Finance Minister Hikaru Matsunaga left April 15 for Washington — a day later than planned — to attend a meeting of finance ministers and central bankers of the Group of Seven industrialized nations and to hold talks with U.S. Treasury Secretary Robert Rubin.
Matsunaga was to explain that Japan intends to draw up an economic stimulus package worth more than 16 trillion yen later this month that includes at least 10 trillion yen in fresh measures. Tokyo also plans to implement another round of income and resident tax cuts totaling 2 trillion yen before the end of the year, bringing the total amount of tax rebates in 1998 to 4 trillion yen.
Rubin was meanwhile expected to repeat the U.S. call for Japan to ensure growth in domestic demand, stressing the importance of a healthy Japanese economy for the global community. Rubin told a news conference Tuesday in Washington that Japan needs a comprehensive overhaul of its taxation system if it is to steer clear of recession. “The question isn’t what is the level of taxes. The question is what is the change in the level of taxes in order to create macroeconomic stimulus,” he said.

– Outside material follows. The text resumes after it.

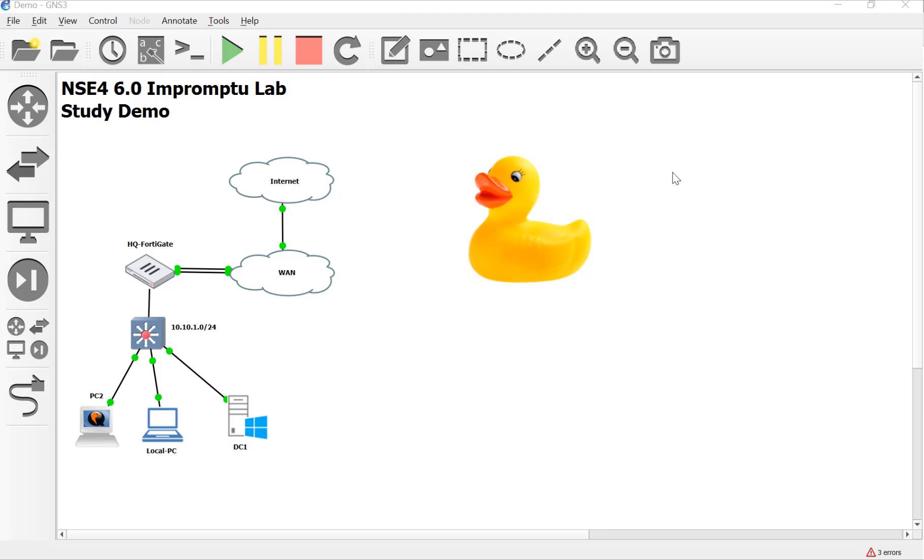Hello, my name is Devin Adams. I'm a Fortinet instructor here in Tempe, Arizona for Dynamic Worldwide, and this is my impromptu NSE4 study lab.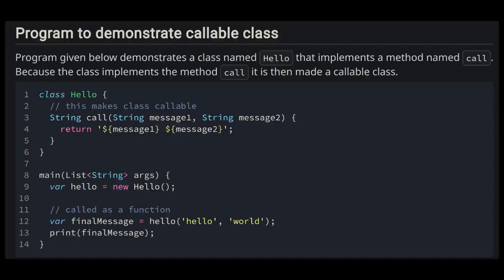The program given on screen demonstrates a class named Hello that implements a method named call. Because the class implements the method call, it is made a callable class. On line 3, method call accepts message1 and message2 and returns a new string containing message1 and message2.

Rubin’s remarks were interpreted as a call for permanent tax rate reductions, and served as cold water to some Japanese officials who had said the size of the pump-priming package would help deflect criticism from Japan’s G-7 partners over its lackluster economy. While Prime Minister Ryutaro Hashimoto has pledged to review the structure of personal and corporate income taxes, tax authorities say that would be an issue that cannot be fully discussed by the time the economic package is released.